=== Problem ===
Whenever a line of the data below holds the string "motif", copy that line.
+++
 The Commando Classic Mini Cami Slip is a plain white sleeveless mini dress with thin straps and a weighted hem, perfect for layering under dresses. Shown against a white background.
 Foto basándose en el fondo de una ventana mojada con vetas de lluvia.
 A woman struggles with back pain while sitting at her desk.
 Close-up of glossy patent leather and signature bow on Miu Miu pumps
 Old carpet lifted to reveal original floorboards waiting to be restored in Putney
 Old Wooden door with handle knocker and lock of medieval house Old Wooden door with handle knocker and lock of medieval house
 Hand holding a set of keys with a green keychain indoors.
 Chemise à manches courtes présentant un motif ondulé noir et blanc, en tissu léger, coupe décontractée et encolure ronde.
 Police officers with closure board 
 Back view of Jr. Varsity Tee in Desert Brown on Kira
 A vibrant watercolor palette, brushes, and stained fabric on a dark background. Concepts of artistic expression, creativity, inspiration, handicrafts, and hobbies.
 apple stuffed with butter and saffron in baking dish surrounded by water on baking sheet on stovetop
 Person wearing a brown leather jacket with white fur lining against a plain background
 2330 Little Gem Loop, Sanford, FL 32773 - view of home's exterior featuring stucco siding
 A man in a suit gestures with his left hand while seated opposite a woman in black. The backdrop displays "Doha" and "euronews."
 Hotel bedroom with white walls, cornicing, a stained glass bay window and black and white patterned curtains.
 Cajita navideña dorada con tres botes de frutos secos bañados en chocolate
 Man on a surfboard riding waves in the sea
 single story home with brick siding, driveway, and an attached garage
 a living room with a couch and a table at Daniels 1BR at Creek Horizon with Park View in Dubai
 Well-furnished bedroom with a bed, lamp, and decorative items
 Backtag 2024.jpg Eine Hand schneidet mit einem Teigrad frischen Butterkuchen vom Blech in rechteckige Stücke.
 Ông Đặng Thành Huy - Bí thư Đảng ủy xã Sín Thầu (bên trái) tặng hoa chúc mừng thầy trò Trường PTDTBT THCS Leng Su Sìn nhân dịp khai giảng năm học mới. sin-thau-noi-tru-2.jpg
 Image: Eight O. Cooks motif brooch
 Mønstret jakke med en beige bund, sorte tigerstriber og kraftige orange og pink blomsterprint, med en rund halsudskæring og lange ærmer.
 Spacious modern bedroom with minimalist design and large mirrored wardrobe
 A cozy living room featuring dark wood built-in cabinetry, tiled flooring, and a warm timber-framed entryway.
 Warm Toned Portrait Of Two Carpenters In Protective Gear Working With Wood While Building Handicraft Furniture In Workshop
+++
=== Response ===
 Chemise à manches courtes présentant un motif ondulé noir et blanc, en tissu léger, coupe décontractée et encolure ronde.
 Image: Eight O. Cooks motif brooch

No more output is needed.